Была победа, но в ней был позор поражения. А потом военные и политики стали утаивать гигантский источник энергии, и это тревожило интеллигенцию. Свобода исследований, обмен открытиями, международное общение исследователей были подавлены властями, которые возбуждали сильнейшее недоверие общественности. Великие физики поспешно покидали службу у своего воинственного правительства; один из наиболее известных ученых стал учителем и вынужден был расходовать свое рабочее время на преподавание элементарных начальных знаний, лишь бы не служить этому правительству. Стало постыдным что-либо изобретать..."
В дневнике Брехт пишет об этом же 10 сентября 1945 года еще резче: "Атомная бомба воспринята "простыми людьми" только как нечто ужасное. Победа в Японии этим изгажена. Этот суперпердеж заглушил все колокола побед. В первое мгновение Лафтон наивно обеспокоен, что все это настолько дискредитирует науку, что ее рождение – в Галилее – утратит всякую привлекательность".
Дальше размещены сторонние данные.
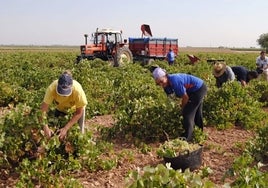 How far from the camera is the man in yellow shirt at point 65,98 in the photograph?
16.2ft

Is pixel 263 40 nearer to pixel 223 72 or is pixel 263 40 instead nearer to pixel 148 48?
pixel 148 48

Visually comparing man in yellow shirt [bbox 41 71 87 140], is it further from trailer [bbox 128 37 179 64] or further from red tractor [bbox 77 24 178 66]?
trailer [bbox 128 37 179 64]

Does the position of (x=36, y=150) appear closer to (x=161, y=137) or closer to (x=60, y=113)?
(x=60, y=113)

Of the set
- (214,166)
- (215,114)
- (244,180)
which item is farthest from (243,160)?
(215,114)

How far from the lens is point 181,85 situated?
616 cm

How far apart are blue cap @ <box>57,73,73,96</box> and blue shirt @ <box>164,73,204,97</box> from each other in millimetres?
1766

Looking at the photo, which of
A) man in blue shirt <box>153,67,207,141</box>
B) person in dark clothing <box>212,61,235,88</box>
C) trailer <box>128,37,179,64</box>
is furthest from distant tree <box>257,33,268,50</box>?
man in blue shirt <box>153,67,207,141</box>

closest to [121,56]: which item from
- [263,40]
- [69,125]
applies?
[69,125]

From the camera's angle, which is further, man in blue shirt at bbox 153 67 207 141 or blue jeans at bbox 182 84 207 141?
blue jeans at bbox 182 84 207 141

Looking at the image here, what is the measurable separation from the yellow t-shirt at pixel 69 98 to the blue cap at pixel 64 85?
0.22m

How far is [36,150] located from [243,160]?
8.25 ft

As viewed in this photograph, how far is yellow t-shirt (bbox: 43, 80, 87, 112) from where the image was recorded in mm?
5180

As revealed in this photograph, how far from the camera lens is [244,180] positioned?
3490 mm

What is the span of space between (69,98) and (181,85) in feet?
5.67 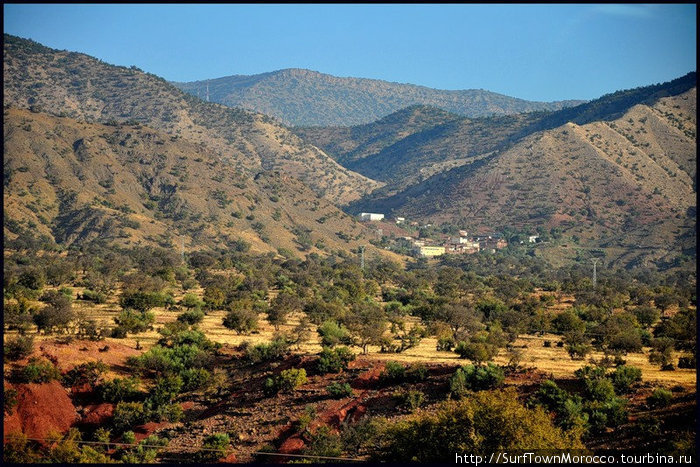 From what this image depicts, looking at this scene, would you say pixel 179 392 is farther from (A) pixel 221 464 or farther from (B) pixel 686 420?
(B) pixel 686 420

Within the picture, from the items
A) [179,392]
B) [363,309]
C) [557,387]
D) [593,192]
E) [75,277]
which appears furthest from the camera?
[593,192]

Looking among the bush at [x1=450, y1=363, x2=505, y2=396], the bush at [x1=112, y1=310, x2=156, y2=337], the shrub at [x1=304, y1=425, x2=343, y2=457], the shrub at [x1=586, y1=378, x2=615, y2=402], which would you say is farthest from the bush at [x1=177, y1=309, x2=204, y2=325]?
the shrub at [x1=586, y1=378, x2=615, y2=402]

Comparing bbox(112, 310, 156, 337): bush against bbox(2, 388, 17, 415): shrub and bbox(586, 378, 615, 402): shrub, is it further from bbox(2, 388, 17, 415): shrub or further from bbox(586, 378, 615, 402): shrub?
bbox(586, 378, 615, 402): shrub

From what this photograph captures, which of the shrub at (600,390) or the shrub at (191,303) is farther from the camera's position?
the shrub at (191,303)

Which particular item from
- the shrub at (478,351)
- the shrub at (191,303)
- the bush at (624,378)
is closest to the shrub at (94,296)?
the shrub at (191,303)

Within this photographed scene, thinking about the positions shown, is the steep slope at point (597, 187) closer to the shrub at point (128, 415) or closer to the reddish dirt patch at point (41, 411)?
the shrub at point (128, 415)

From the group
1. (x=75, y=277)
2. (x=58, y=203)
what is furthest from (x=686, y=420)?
(x=58, y=203)

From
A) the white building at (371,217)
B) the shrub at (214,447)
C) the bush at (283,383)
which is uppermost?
the white building at (371,217) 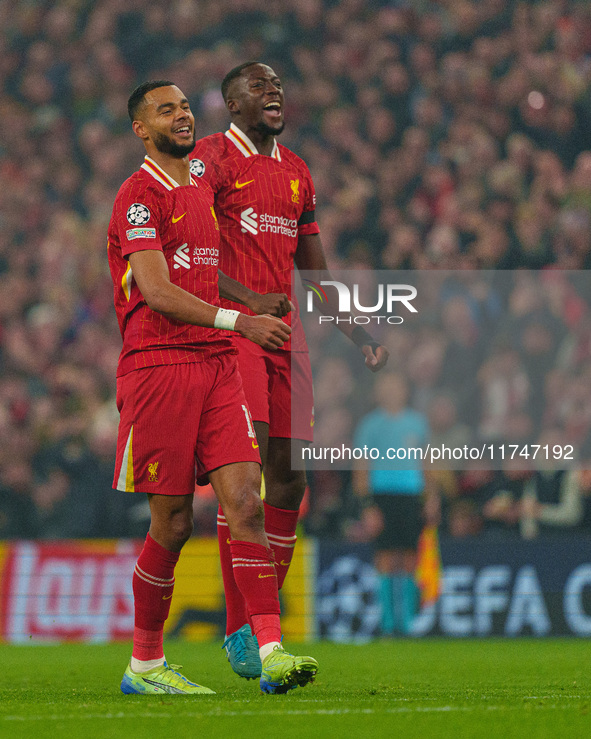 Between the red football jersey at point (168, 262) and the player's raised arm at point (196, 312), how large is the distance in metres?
0.18

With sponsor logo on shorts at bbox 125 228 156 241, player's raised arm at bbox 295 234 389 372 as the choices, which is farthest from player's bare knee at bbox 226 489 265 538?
player's raised arm at bbox 295 234 389 372

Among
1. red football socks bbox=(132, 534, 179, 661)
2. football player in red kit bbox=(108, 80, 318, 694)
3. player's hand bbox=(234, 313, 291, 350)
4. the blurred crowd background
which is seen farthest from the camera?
the blurred crowd background

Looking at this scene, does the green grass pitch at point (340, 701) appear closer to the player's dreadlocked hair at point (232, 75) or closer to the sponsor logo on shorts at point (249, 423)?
the sponsor logo on shorts at point (249, 423)

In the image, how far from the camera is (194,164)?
201 inches

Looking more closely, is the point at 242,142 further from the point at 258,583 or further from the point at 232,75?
the point at 258,583

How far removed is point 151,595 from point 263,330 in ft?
3.96

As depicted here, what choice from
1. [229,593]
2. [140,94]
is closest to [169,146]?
[140,94]

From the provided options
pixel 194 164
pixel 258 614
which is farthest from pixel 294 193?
pixel 258 614

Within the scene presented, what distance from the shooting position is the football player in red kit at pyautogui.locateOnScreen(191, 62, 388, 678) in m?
5.13

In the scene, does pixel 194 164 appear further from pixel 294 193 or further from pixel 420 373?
pixel 420 373

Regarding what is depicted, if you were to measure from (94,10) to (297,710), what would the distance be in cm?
1178

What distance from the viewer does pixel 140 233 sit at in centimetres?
440

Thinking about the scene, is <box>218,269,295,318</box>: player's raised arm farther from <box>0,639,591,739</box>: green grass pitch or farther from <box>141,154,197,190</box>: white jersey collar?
<box>0,639,591,739</box>: green grass pitch

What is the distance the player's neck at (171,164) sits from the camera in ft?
15.3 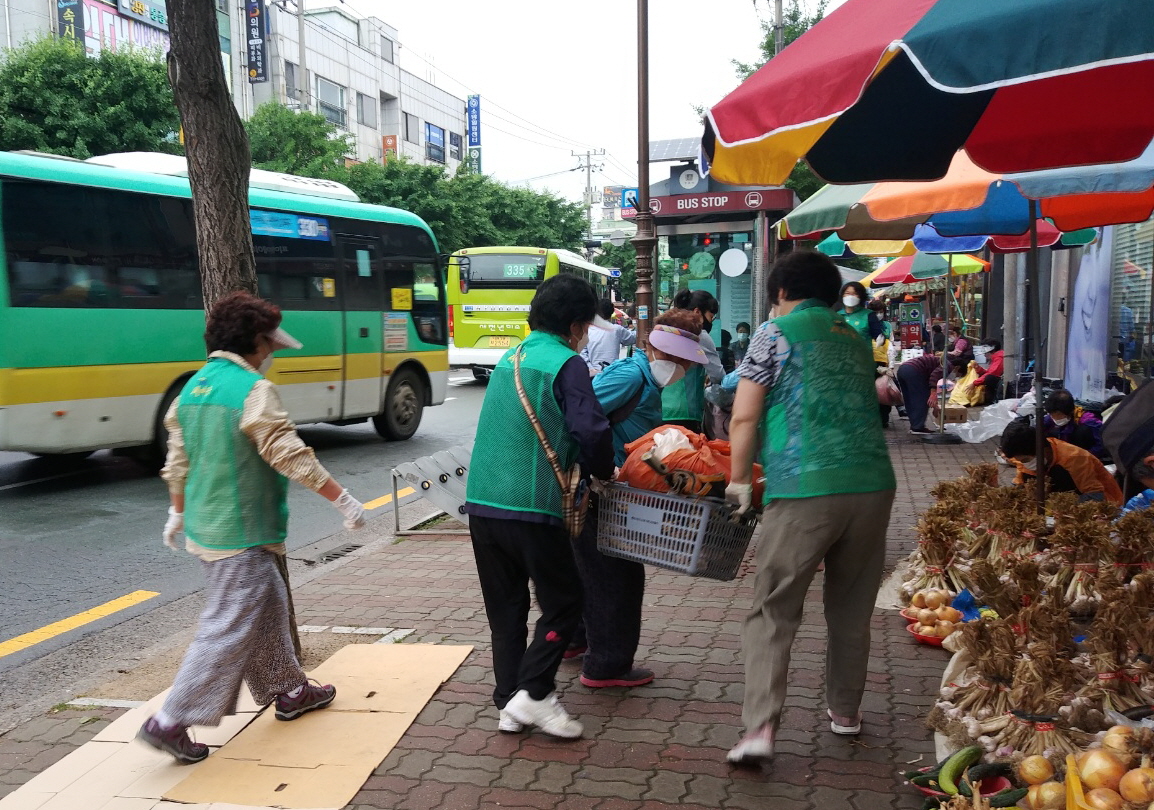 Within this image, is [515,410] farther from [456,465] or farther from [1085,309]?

Но с тем большим упорством оба они продолжают работать. Они продолжают "возделывать сад". Американский артист – наивный белокурый богатырь – состязается с Брехтом в педантичном уходе за всеми живыми побегами страстей и мыслей, ставших словами, образами, движениями. С упрямством садовников, с тщательностью часовщиков и настороженной совестливостью фармацевтов они работают над каждой репликой, над каждым эпизодом, над каждой деталью оформления.